July 28, 2009 at 2:24 pm #3044
Oil Refiner Margins Poised to Rise as Shuttered Plants Increase
By Aaron Clark and Barbara Powell
July 20, 2009 (Bloomberg) — Refiners from Germany to Hawaii are weighing plans to shut or sell plants amid the biggest drop in oil demand in almost three decades.
Petroplus Holdings AG told workers in Teesside, northern England, their jobs are at risk. Royal Dutch Shell Plc may sell or close two plants in Germany and another in Montreal. Total SA will dismantle 25 percent of Frances biggest refinery. Chevron Corp. is reviewing its Hawaii plant. Within five years, about 25 percent of capacity in North America and 30 percent of Europes will be idled, the International Energy Agency says.
Traders are buying contracts that appreciate as the so- called crack spread that reflects the return from breaking crude into gasoline, diesel and heating oil increases. Margins representing profits from making fuel will rise to $10.71 a barrel in July 2012 from $8.97 on July 17, futures prices show.
Survival is all about how competitive your refinery is, said Jacques Rousseau, an energy analyst for Soleil Securities Corp. in Vienna, Virginia.

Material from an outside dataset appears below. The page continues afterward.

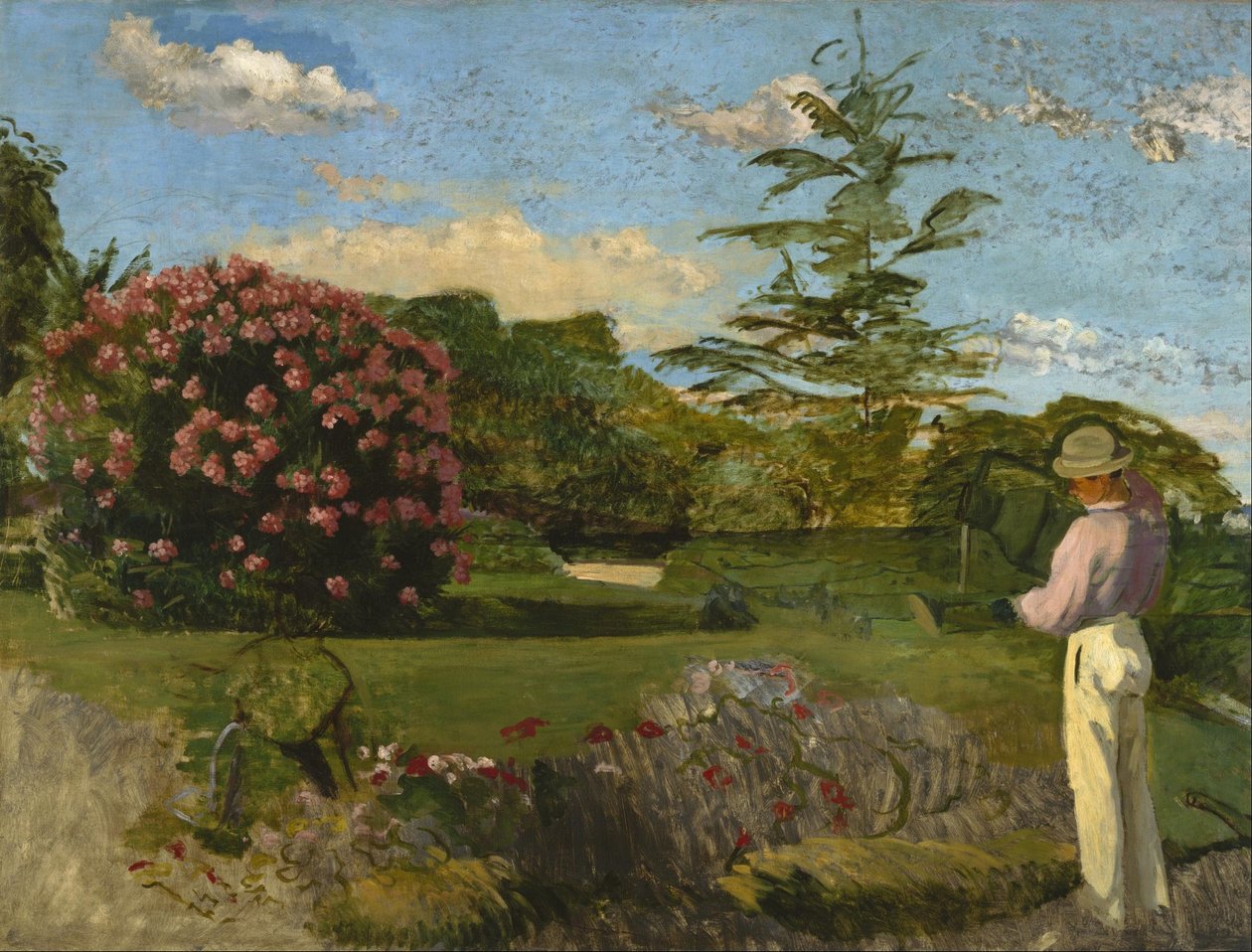 Pieni puutarhuri tekijältä Frédéric Bazille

The initial response has been to ratchet back production but the longer you go breaking even or losing money, you have to start considering closures.
Refiners such as Valero Energy Corp. and integrated oil companies including Shell may shut or sell unprofitable plants because fuel demand dropped during the first global recession since World War II. One out of six in the U.S. probably will close by 2020 if U.S. carbon-reduction legislation passes and new, more efficient plants come online in India and China, according to the American Petroleum Institute, a Washington- based group.

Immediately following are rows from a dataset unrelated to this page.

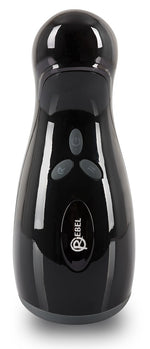 Masturbator Rebel cu 3 funcții de vibrație și încălzire, 20 cm, USB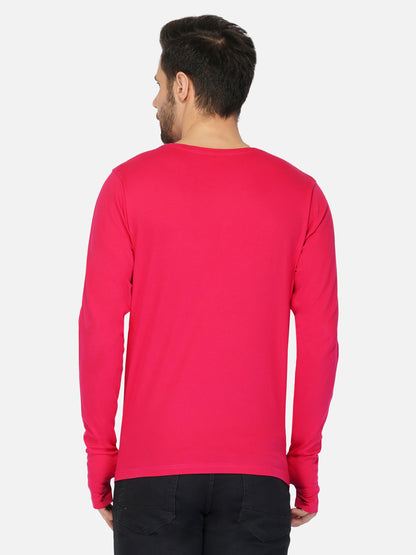 Appulse Men's Round Neck Long Sleeve Thumb Hole T-Shirt | Men | Premium Cotton | Activewear | Athleisure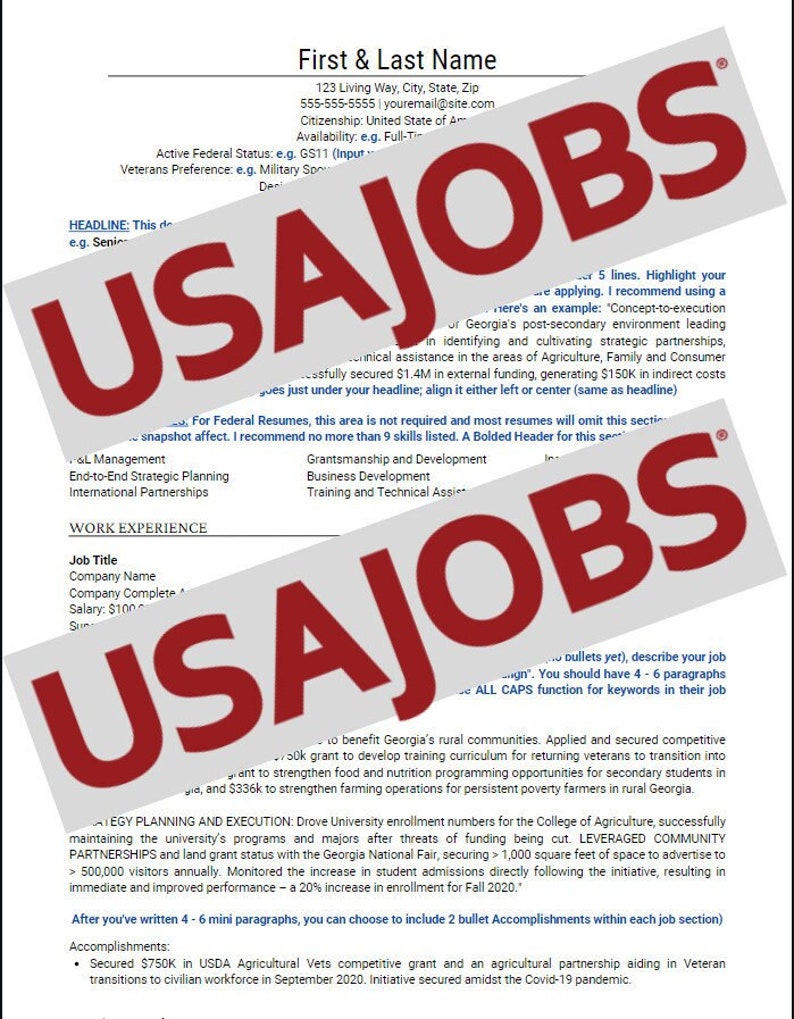 Essential Tips for Creating A Resume For USA Jobs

U.S. companies are operating below the five-year average of 88.3 percent of capacity as fuel stockpiles swell. U.S. plants ran at 87.8 percent in the week ended July 10, and inventories of distillates were the highest in 24 years, Energy Department data show.
The industry is going to have to go back to running at 80 percent or lower, said Ann Kohler, a New York-based analyst with Caris & Co.

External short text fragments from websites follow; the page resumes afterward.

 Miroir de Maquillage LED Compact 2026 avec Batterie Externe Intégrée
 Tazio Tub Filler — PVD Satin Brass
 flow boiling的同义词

Global margins dropped to $4.98 a barrel in the second quarter compared with $8.25 a year earlier, according to BP Plc data.
In the U.S., the profit from turning three barrels of crude into two of gasoline and one of distillate reached $23.95 on May 17, 2007, a record going back to at least 2000, when crude was at $64.86 a barrel, data compiled by Bloomberg show. When crude reached a record $147.27 a barrel on July 11, 2008, the crack spread had fallen to $11.762, the data show.
Record Profits <CER notes – remember this is Gross because Net Profits didnt get any Oil companies a place on Fortune 500 Top 50 Net Profit rankings>
Valero, the largest U.S. refiner, had record second-quarter profits of $2.25 billion in 2007 when the industrys spread averaged $20.20 a barrel. Net income was down to $1.15 billion in the third quarter of 2008 when futures showed the margin averaged $13.11, according to data compiled by Bloomberg.
With the gap now lower, Shell, Europes biggest oil company, may shut, sell or convert plants that account for 8.8 percent of its global capacity, or 349,530 barrels a day. The Hague-based company is reviewing the Montreal, Canada, plant, its Hamburg- Harburg and Heide sites in Germany and a 17 percent stake in New Zealand Refining Co., Rainer Winzenried, a spokesman, said in a telephone interview.
Petroplus, based in Zug, Switzerland, said Feb. 5 it would sell the 117,000 barrel-a-day U.K. Teesside refinery or turn it into a terminal for shipment and storage by the end of the year. Total will reduce output at Gonfreville in Normandy by 25 percent to 12 million tons a year, and shut a fluid catalytic cracker, lowering gasoline output by 60 percent.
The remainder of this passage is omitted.